# A rat or mouse captured alive



## WillK (Aug 29, 2010)

Okay... about a week and a half ago we had our house baited for rats, then this past Thursday our cat caught what we thought was a mouse... I'm not sure. Definitely there are rats around as I had seen on at least 2 occasions rodents too large to be mice on top of the neighbor's fence.

Anway, last Thursday after the cat caught a mouse (indoor only cat by the way) the cat dropped the mouse and it ran to its hole then outside, hiding in a bait holder. The dog went outside and pawed at the container, the mouse ran under the fence and away. We called the exterminator back and he refilled traps and added more in the attic and kitchen.

Today, the cat caught a rodent again. The cat then carried the rodent from where she caught it to the front door, trapping it in a corner where she dropped the rodent to play with it. The dog was curious too, but neither pet was apparently going to kill it, so I scooped it into a Glad tupperware type container and started trying to figure out what to do with it.

So it's Sunday and the exterminator's answering service will pass a message to them on Monday, the city's website has the standard answer of "exterminated by approved processes" whatever that means... A little searching around produced a Yahoo! answers question where one person said smash its head with a hammer and everybody else said killing a rat is cruel.

If smashing a rat's head is the way to go I'd do it, but I wish there was another option... In the end this one died of asphyxiation, which I feel bad about but then again it's certainly faster than the poison would have been.


----------



## the_man (Aug 14, 2010)

bbq!!! :laughing: maybe stick it in the freezer til its a rock? i kinda like the hammer idea :bangin: all kidding aside, i thought it was a big no no to poison mice/rats with animals around. might be something to ask the exterminator in the morning


----------



## nap (Dec 4, 2007)

did you say rat barbecue?






























the_man said:


> i thought it was a big no no to poison mice/rats with animals around. might be something to ask the exterminator in the morning


It would appear the domestic animals aren't going to eat the things. 



yes, if the animals might eat the rodents, they will ingest the chemicals used to kill the rodents and...well, you don't want that.



> Yahoo! answers question where one person said smash its head with a hammer and everybody else said killing a rat is cruel.


Um, isn't that what the poison is intended to do?

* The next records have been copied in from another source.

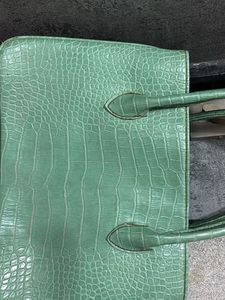 Chic green Handbag 👜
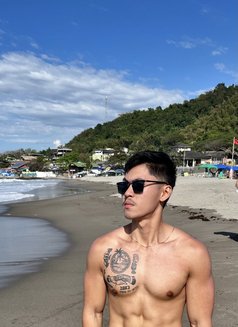 Alex - Male escort in Makati City Photo 9 of 11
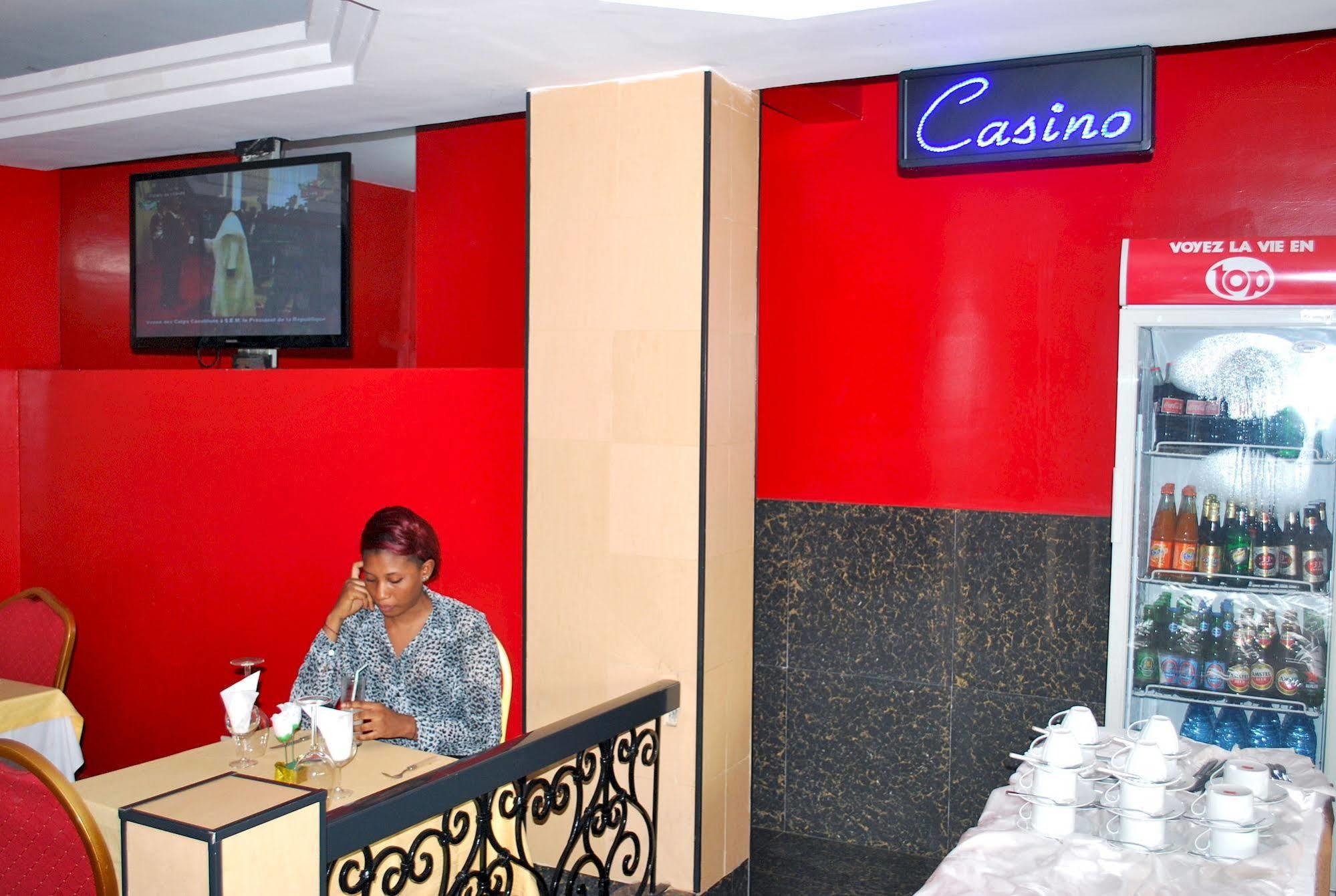Hotel Yaahot Yaoundé Zewnętrze zdjęcie
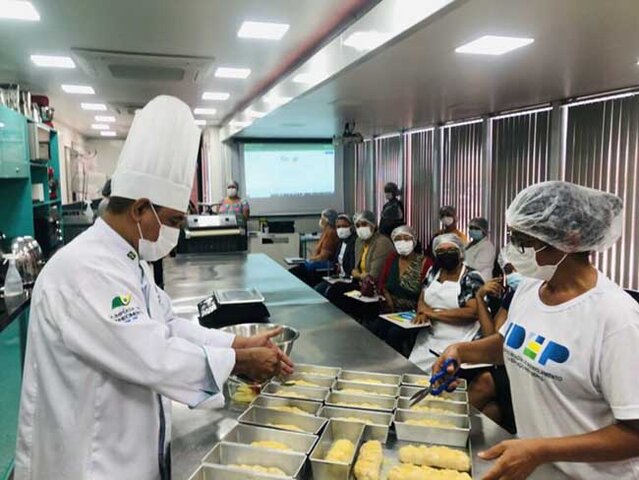 Cursos no setor de alimentos atraem quem quer empreender - Gente de Opinião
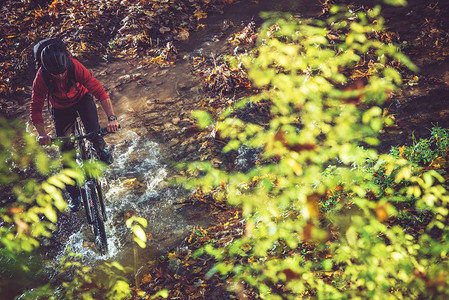 荒野骑行骑山地自行车过河图片
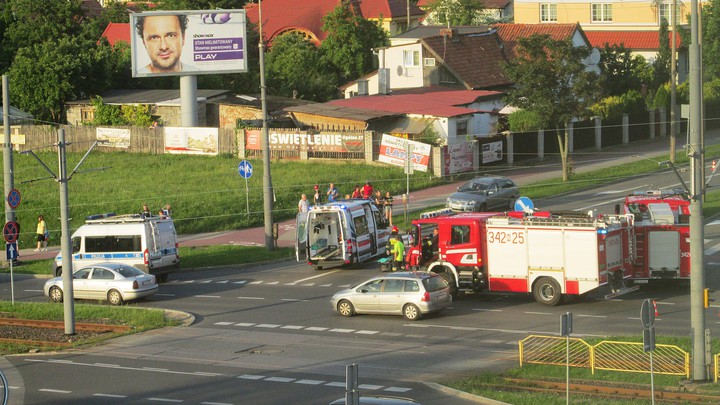 Potrącenie rowerzysty: skrzyżowanie ul. Niepodległości - płk. Dąbka. Wszystkie służby stawiły się w parę minut (Lipiec 2017)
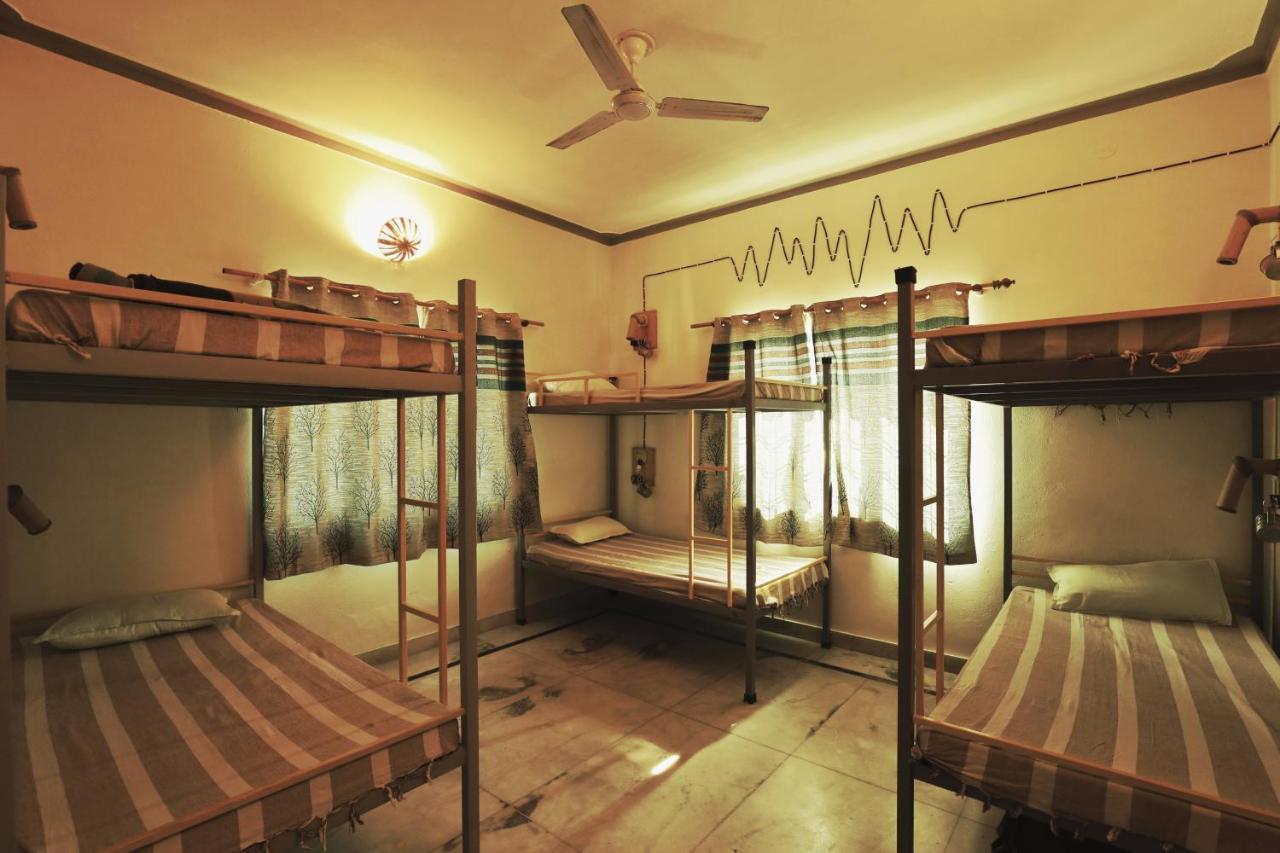 Sun n Soil Backpacker Hostel Lachhiwala Exteriör bild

Mashing with a hammer will likely be a bit messy unless you have a perfect touch to be able to kill them without mashing them. Depending what you have them in, you might be able to drown them if you have some water source deep enough. The tupperware thing; poke some holes in the lid and fill it with water. or put them in a can with some holes in it small enough so the critter won't get out and start up the car and put the can so it will get filled with the exhaust. (just don't do it with the car in the garage!!)

Got any neighbors that raise snakes?


----------



## WillK (Aug 29, 2010)

Our exterminator told us our cat would have to eat 50 rats within a short period of time to be affected.

The poison takes 6 or 7 days to kill rats or mice.

The exterminator did say that it is sometimes a problem that squirrels take off with blocks of bait and it kills them, but personally I haven't had any fondness for squirrels since they ate the leather interior and convertible top of my dad's 1946 Lincoln Continental. Not saying I have it out for squirrels, but I don't really feel much guilt if they die either.

And I'm sure the time to suffocate the rat is less than to freeze it, plus I definitely didn't want to risk putting it somewhere it might be able to chew its way out, then chew into something like our food.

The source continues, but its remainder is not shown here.